Reject devices with suspicious combination of interfaces
A USB flash disk which implements a keyboard or a network interface is very suspicious. The following set of rules forms a policy which allows USB flash disks and explicitly rejects devices with an additional and suspicious (as defined before) interface.
allow with-interface equals { 08:*:* }
reject with-interface all-of { 08:*:* 03:00:* }
reject with-interface all-of { 08:*:* 03:01:* }
reject with-interface all-of { 08:*:* e0:*:* }
reject with-interface all-of { 08:*:* 02:*:* }
The policy rejects all USB flash disk devices with an interface from the HID/Keyboard, Communications and Wireless classes. Please note that blacklisting is the wrong approach and you shouldn’t just blacklist a set of devices and allow the rest. The policy above assumes that blocking is the implicit default. Rejecting a set of devices considered as “bad” is a good approach how to limit the exposure of the OS to such devices as much as possible.

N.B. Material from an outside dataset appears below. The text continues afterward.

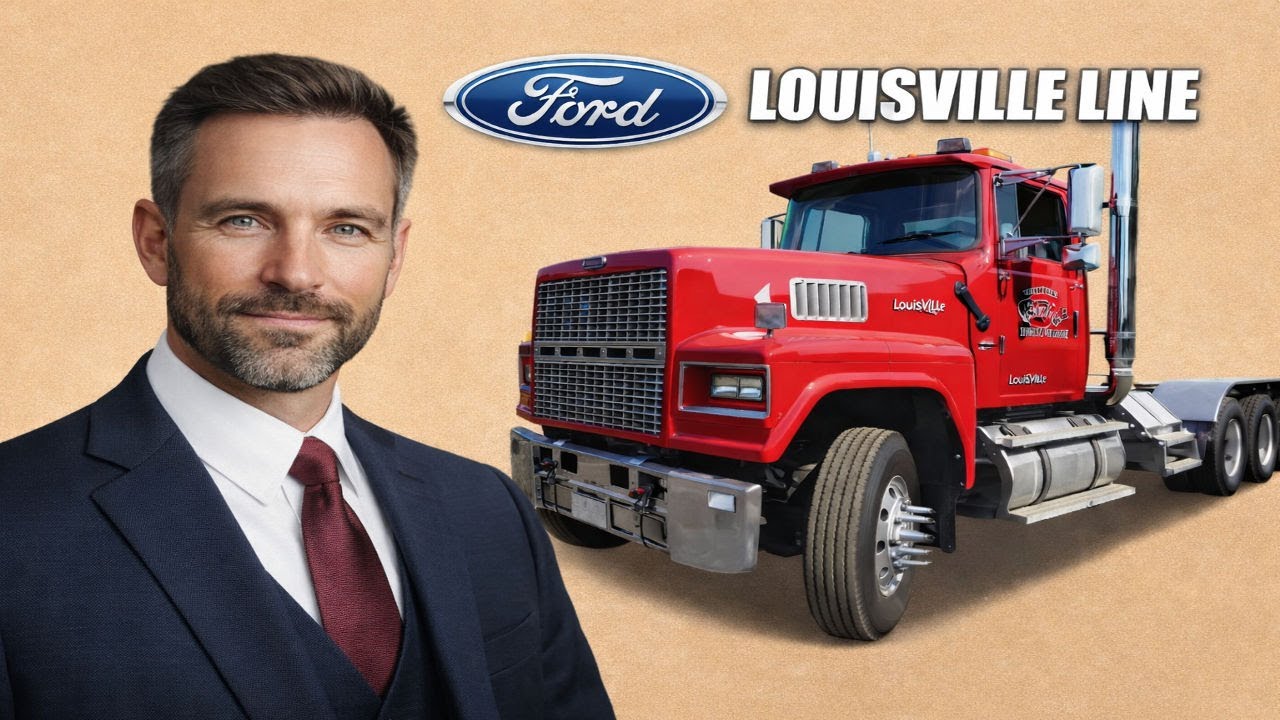 Why Ford Killed the Louisville Line at Its Absolute Peak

Seems ok to me. Will interfere with like single board computers, but as commented, for default config and average user, seems good.
Here are some slides from blackhat 14, that confirms that sus usb devices most likely contains multiples descriptors.

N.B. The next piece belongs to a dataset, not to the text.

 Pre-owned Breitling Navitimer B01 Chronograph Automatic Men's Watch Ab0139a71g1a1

Exactly. This is where the core concept stems from as @adrelanos pointed it out before. I have made some more additions with more of the commonly used interfaces to the list to make it a little more extensive. Which is completely not necessary since they are normally blocked anyway unless we explicitly allow them in the rules. The original list itself is also completely superfluous. This is just a fallback in case the usbguard config is modified to allow by default. Let me fix that and make it more clear to avoid confusion. Actually let me update the rules to add some more little things from the usb guard documentation. Also, I will get rid of the combinations because it might introduce confusion, since no explicit rejecting is needed anyway, unless we change the configuration to allow by default, which we do not. I should have made this more clear in the beginning. |
We should depend on usbguard as a package. When installed on debian, usb guard settings are configured in a way that all devices are rejected, only those that were already plugged in before the daemon starts are allowed.
Normally this is not optimal. We should by default reject everything and only whitelist the devices that we know and trust. But this requires configuration at the user end. So for now, we better leave the debian config as is.
We also add new rules with our config file. These rules do not configure the daemon. They define how the daemon behaves when it is 'applying policy'. The policy is by default blocking everything. We slacken this by allowing devices with mass storage interface, so the users can plug in their external hard drives and usb's. Then we blacklist especially suspicuous storage devices. Those that try to also behave like a keyboard at the same time for example.
Normally this is also not optimal, but it is a big improvement. We don't allow anything else. That means everything else is implicitly blocked. If the user plugs in a keyboard or mouse or anything else, it will be blocked. If these devices are plugged in when the machine starts up, they are allowed. This should not be too inconvenient for the user, because most peripherals are almost always already plugged in when the machine starts up. If not, they can be manually allowed or the system can be rebooted for the device to be allowed after having booted.